> **What to work on**
Nothing in the data should change when you return it, but leave the pictures out.

> **Information shown**
* * * * * * * * *

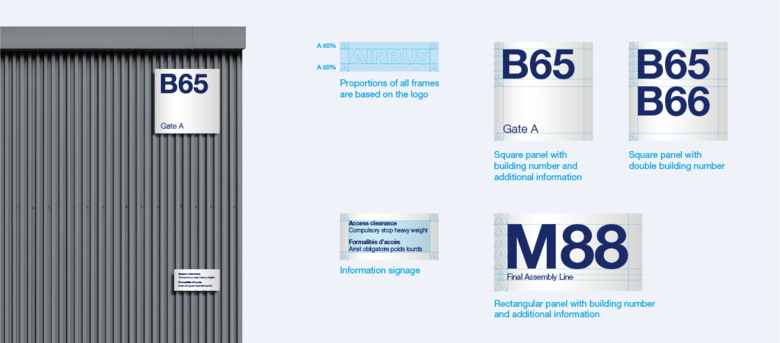 Building identification proportions and layout Building identification proportions and layout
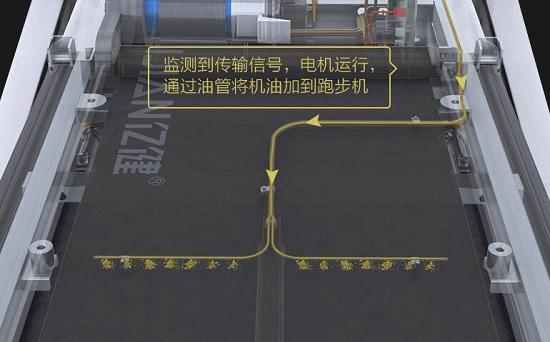 自动加油功能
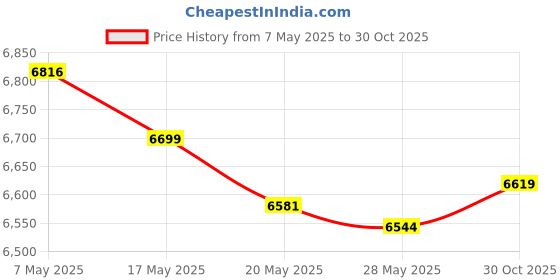 amazon.in ApplianPar Front Driver Left Side Master Power Window Switch Button for Ford Fiesta 2011-2013 Price History Graph from 7 May 2025 to 30 Oct 2025
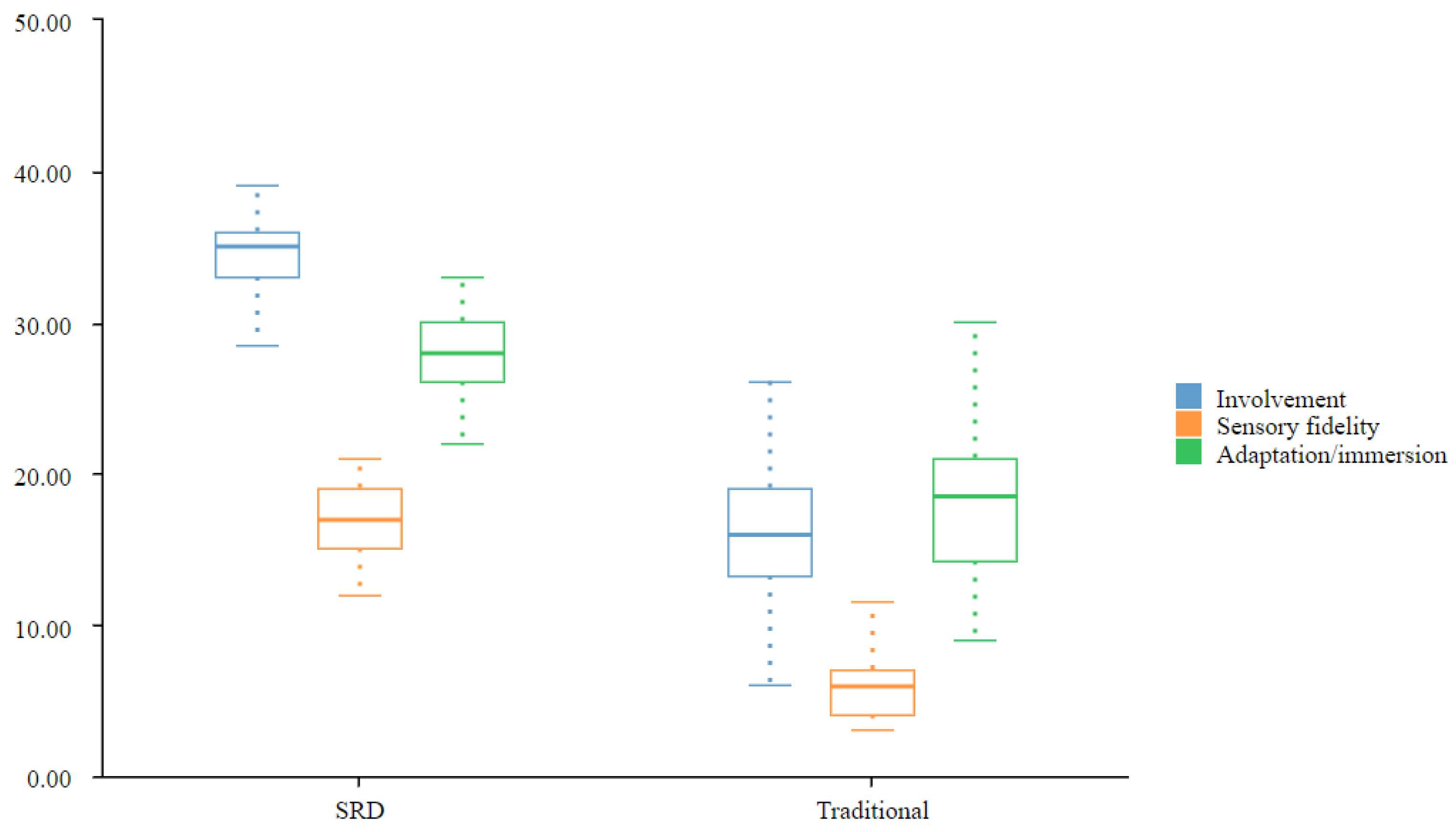 Electronics 14 01337 g012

* * * * * * * * *

> **The completed task**
 Building identification proportions and layout Building identification proportions and layout
 自动加油功能
 amazon.in ApplianPar Front Driver Left Side Master Power Window Switch Button for Ford Fiesta 2011-2013 Price History Graph from 7 May 2025 to 30 Oct 2025
 Electronics 14 01337 g012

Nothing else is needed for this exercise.